The integration into the OAI stack follows similar concepts as the Integration of a Neural Demapper tutorial. Please refer to that tutorial for an introduction to TensorRT integration and memory management. The main difference here is that we replace more substantial parts of the PUSCH pipeline, which adds complexity to the implementation.

The neural receiver is integrated into the OpenAirInterface (OAI) stack via the OAI Shared Library Loader. The core logic resides in plugins/neural_receiver/src/runtime/trt_receiver.cpp.

We use TensorRT as the real-time inference engine. The TensorRT engine is built from the ONNX model using the Real-Time Receiver Notebook.

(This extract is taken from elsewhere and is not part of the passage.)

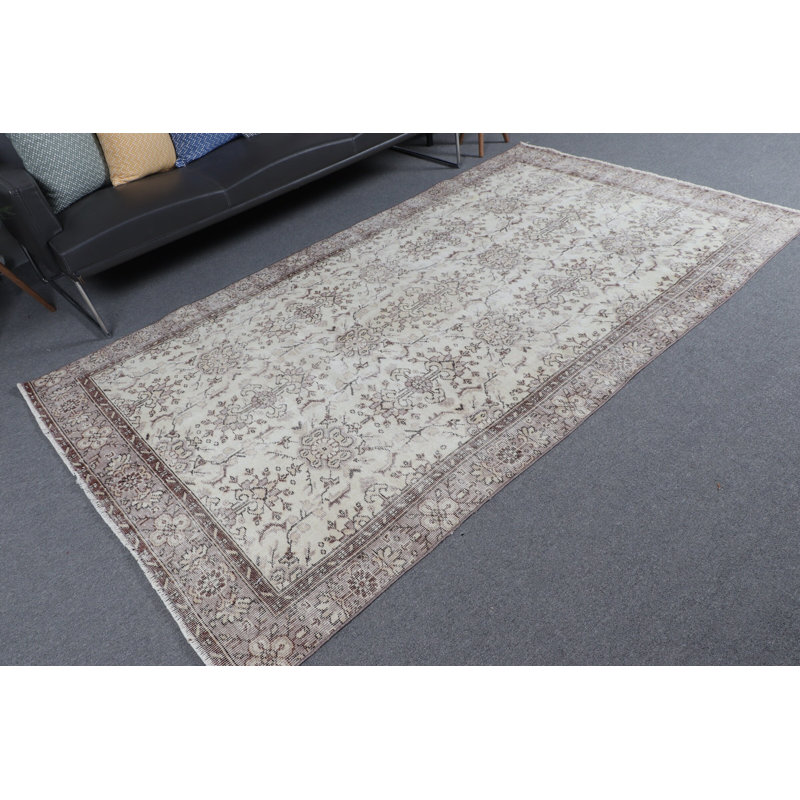 Classic Turkish Area Rug in Elegant Cream and Brown Creating An Atmosphere of Timeless Home Elegance with Unique Handmade Design and Oriental Pattern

The following list summarizes the key implementation aspects:

Slot-Based Processing: Unlike the default OAI PUSCH processing which operates per OFDM symbol, the neural receiver overrides this behavior to process an entire slot at once. This mechanism is implemented in nr_ulsch_demodulation.c.
Fixed Input Dimensions: To avoid the latency penalties associated with dynamic shape reallocation in TensorRT, we fix the number of Physical Resource Blocks (PRBs) to 24. If the scheduled number of PRBs is smaller than the configured maximum, the input is padded. For more than 24 PRBs, the receiver operates on tiles of 24 PRBs.
Zero-Copy Memory: Data transfer between the CPU (OAI stack) and GPU (Neural Receiver) leverages unified memory to avoid memcopy bottlenecks. This is important for low-latency inference.
CUDA Acceleration: Custom CUDA kernels handle data pre-processing and post-processing to further minimize latency (e.g., converting input symbols to float16 and output LLRs to int16).
Single-User Processing: Though the neural receiver is designed to support multi-user MIMO, we limit this tutorial to single-user processing.

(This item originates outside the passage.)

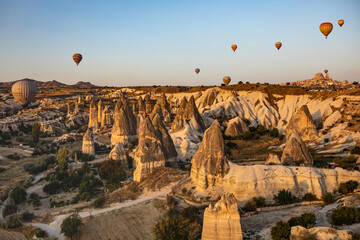 Cappadocia, Turkey - September 1, 2021 - Cappadocia Panoramic - Hot air balloon flying in early...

Note that for compatibility with the OAI shapes, we have slightly modified the tensor shapes in the neural receiver repository and, thus, checkout the sionna_rk branch of the neural receiver repository. This is not strictly necessary, but it simplifies the integration.

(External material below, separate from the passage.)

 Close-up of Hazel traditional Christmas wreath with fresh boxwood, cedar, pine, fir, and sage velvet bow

Running the Neural Receiver

To enable the neural receiver in the gNB, configure the shared library loader to use the _neural_rx version of the receiver plugin by updating the GNB_EXTRA_OPTIONS in the corresponding .env file:

GNB_EXTRA_OPTIONS="--loader.receiver.shlibversion _neural_rx" - --MACRLCs.[0].dl_max_mcs 10 --MACRLCs.[0].ul_max_mcs 10

As our receiver implementation is limited to 16-QAM, we limit the uplink MCS such that only 16-QAM is used. An extension to other modulations is possible but requires careful interfacing with the OAI stack.

When the gNB starts, it will now automatically load libreceiver_neural_rx.so which runs the TensorRT engine.

Note

The default model is exported for 24 PRBs. We recommend to use a compatible gNB configuration. The provided config: GNB_CONFIG="../common/gnb.sa.band78.24prbs.conf" is compatible with the default model. Alternatively, you can re-export the model for a different number of PRBs and re-compile the receiver plugin (MAX_BLOCK_LEN is currently hardcoded in the receiver plugin).

Start the system and wait for the gNB to start.

./scripts/start_system.sh rfsim

In the gNB log, you can now see the NRX statistics, e.g. the number of inferences per second, the number of PRBs processed per second, and the latency of the inference. Note that this requires traffic to be scheduled on the PUSCH, i.e., run iperf3 on the UE side.

You are now ready to design, train, and deploy your own neural receiver!

References

[Wiesmayr2024] (1,2)

R. Wiesmayr, S. Cammerer, F. Aït Aoudia, J. Hoydis, J. Zakrzewski, and A. Keller, “Design of a Standard-Compliant Real-Time Neural Receiver for 5G NR” in Proc. IEEE International Conference on Machine Learning for Communication and Networking (ICMLCN), pp. 1-6, 2025.

[Cammerer2023]

S. Cammerer et al., “A Neural Receiver for 5G NR Multi-user MIMO”, IEEE GC Wkshps, 2023.